Karl Heinz Buchegger wrote:
> Remove the CKDIV8 Fuse, your> processor runs at 8Mhz instead of just 1 und the calculation is done in> 5ms instead of 40.
However, that's only possible of Vcc is high enough. (That's the
main reason why the devices ship with CKDIV8 programmed.)
Also, if the device does have a CKDIV8 fuse (rather than four different
RC oscillators, as it's been the case on older AVRs), you can use
1
#include<avr/power.h>
2
3
...
4
clock_prescale_set(clock_div_1);
in order to achieve the same effect at run-time as unprogramming the
CKDIV8 fuse would.
Thanks for your replies!
@Karl Heinz: I had the impression that the stuff is precompiled... I am
still in a very early phase in the design and don't know yet how much
precision I need. So I'm starting with the highest complexity and if the
system works I'll try to reduce it.
@Guest: Thanks for pointing that out, I was afraid the compiler might
optimise my completely useless calculation away and therefore declared
them as volatile. I'll have a try without tonight.
The final system will run at 16MHz. I just wrote the code yesterday to
get an impression how long it would take to compute the equation. The
scope on PORTB shows an execution time of about 2.5ms at 16MHz, the 40ms
figure was taken from the instruction set simulator at 1MHz. Anyway, I'm
doing the calculation 10 times per second so there's still some margin.
Guest wrote:
> @Guest: Thanks for pointing that out, I was afraid the compiler might> optimise my completely useless calculation away
It will, yes. But to prevent this, you have to do a little more.
Placing the entire function into a separate compilation unit might
be a good starting point. As the earth's radius seldom changes :),
make that a "const". Make a1, a2, b1, b2 parameters to the
function, and return the result. If you call it from main()
(without using the option -combine when compiling), it should make
a real CALL to the function, so you can debug it. Inside main,
you can still place the result into a global (and maybe even volatile)
variable to prevent the compiler from throwing the unused result
away.
Ok, I tried it without the volatiles. The calculation is now in a
function as Joerg suggested. The execution time is still not depending
on the optimisation settings.
Seems that there will be no gain without recompiling the library. I'll
just leave it like that now and once I run into performance problems
start asking questions how to recompile the lib :-)
Thanks!
Guest wrote:
> The execution time is still not depending> on the optimisation settings.
Sure, because the major time is spent inside library functions.
> Seems that there will be no gain without recompiling the library.

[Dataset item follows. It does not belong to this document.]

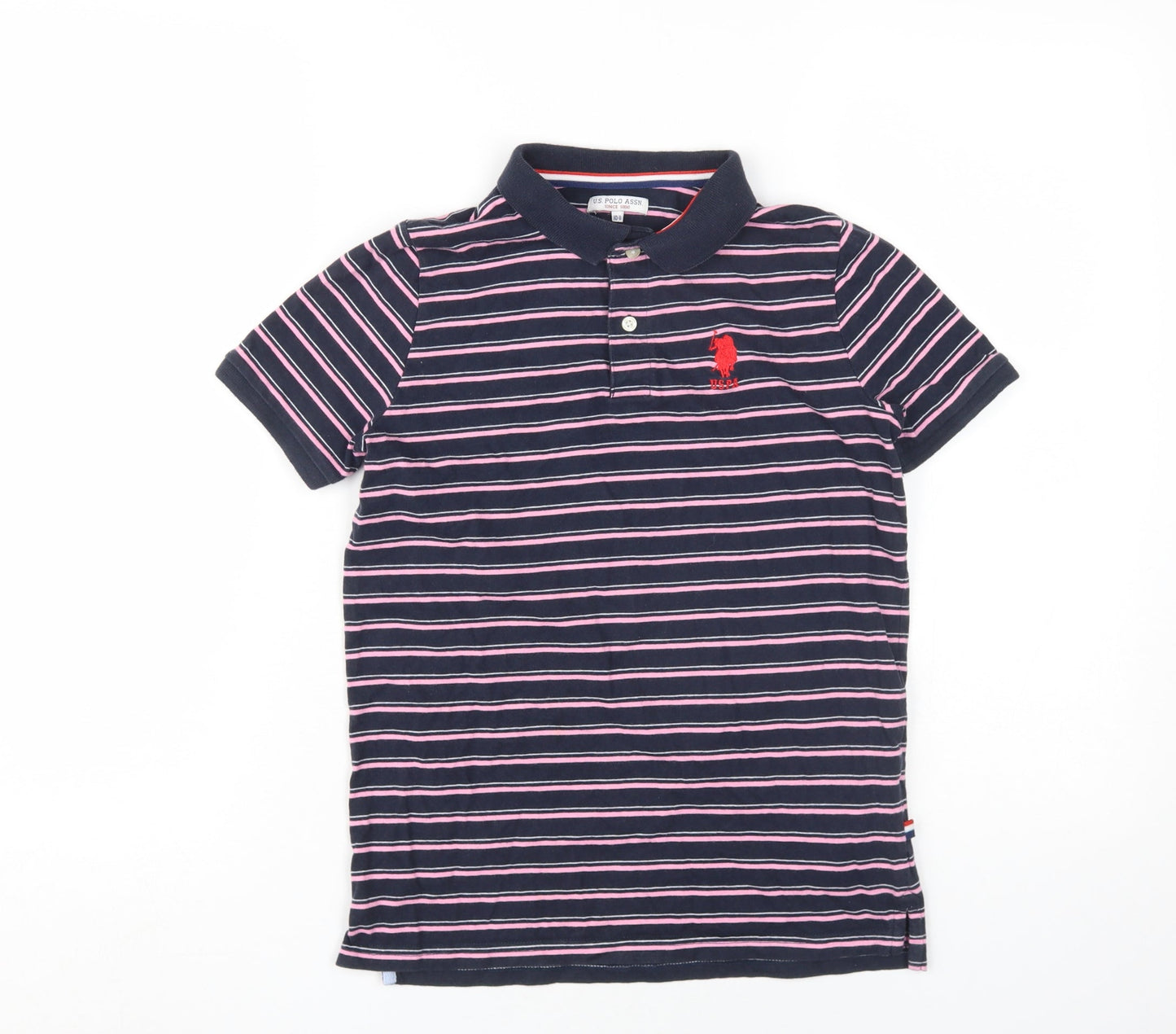U.S. Polo Assn. Girls Navy Striped Polo Shirt, Size 10-11 Years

That won't help. The library is already using hand-optimized assembly
code.
No one has yet pointed out that this is an ARM forum, not an AVR forum!
;) Are you lost?
However, firstly the library is provided as object code, and will have
already been optimised when it was compiled, so compiler optimisations
will not have any effect. Second, the part has no hardware FPU, and 1MHz
is very slow. I'd say that 40ms is pretty good going under those
circumstances, and wonder that you are at all surprised.
Arguably you have the wrong part for your application (depending on the
application). However it is probably possible to speed things up
considerably using fixed-point arithmetic and the CORDIC algorithm.

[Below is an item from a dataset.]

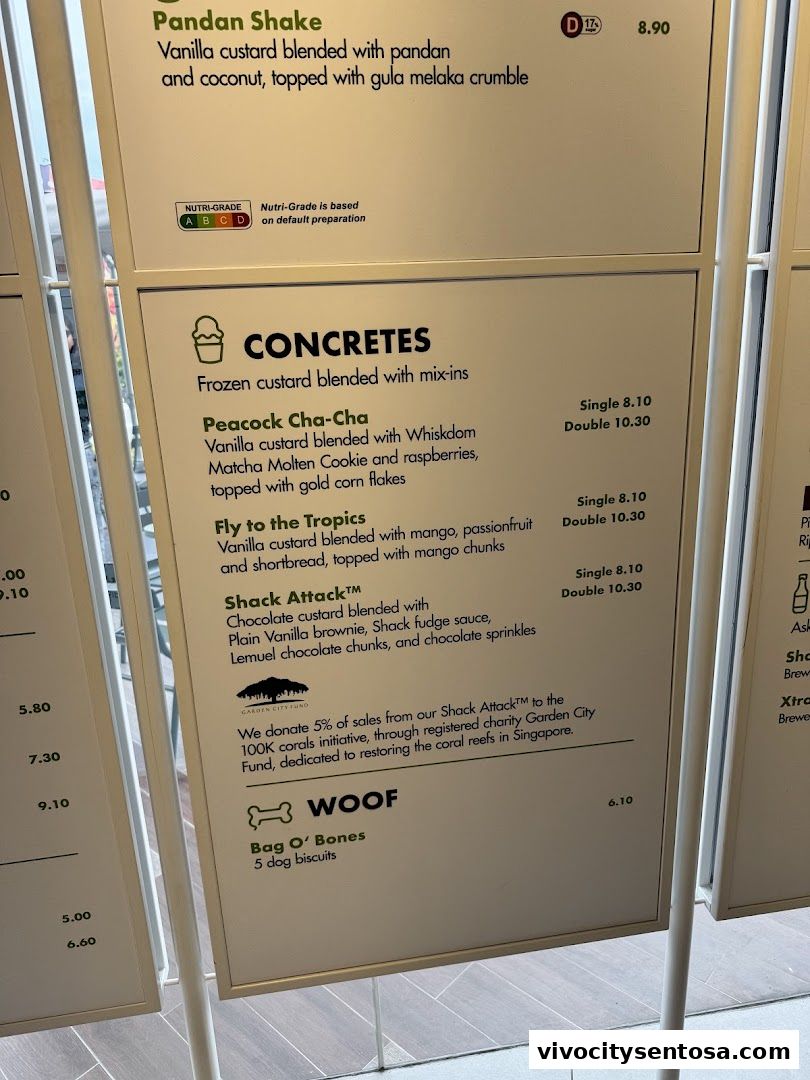 Menu page for Shake Shack Sentosa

Here's an article on exactly that: http://www.ddj.com/cpp/207000448 with
a source code library you can download and adapt too.

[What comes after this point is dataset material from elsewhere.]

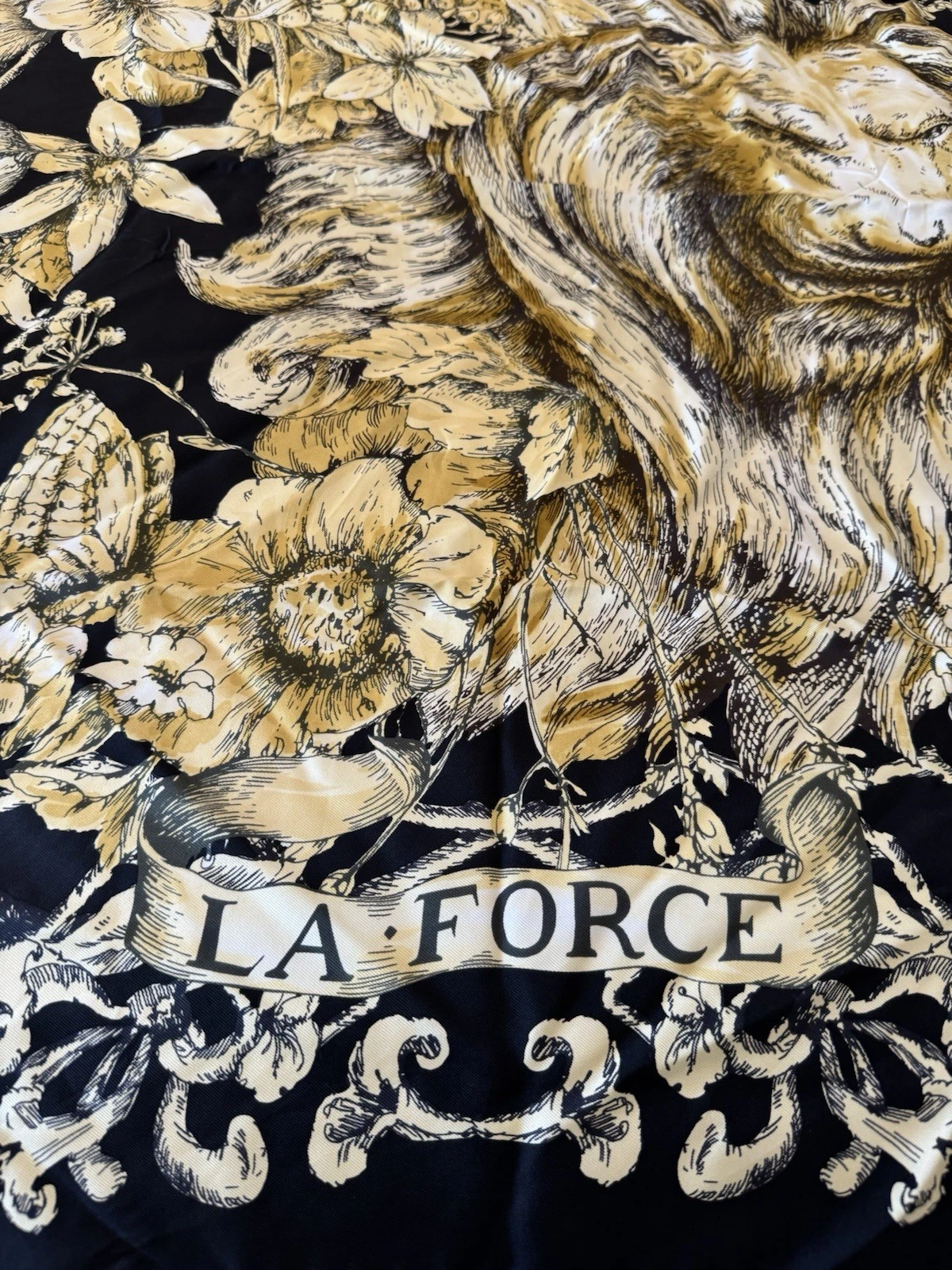 Dior — Christian Dior Lion Floral Silk Twill Square Scarf Black Beige White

Another way to speed this up at the expense of a perhaps significant
chunk of Flash is to use a look-up table. The larger the lookup table,
the better the resolution you might achieve. You could reduce the table
size at the expense of processing time by using interpolation for
intermediate values. And remember that you only need a lookup table for
a single quadrant (pi/2 radians), the other quadrants can easily be
determined from that.
Clifford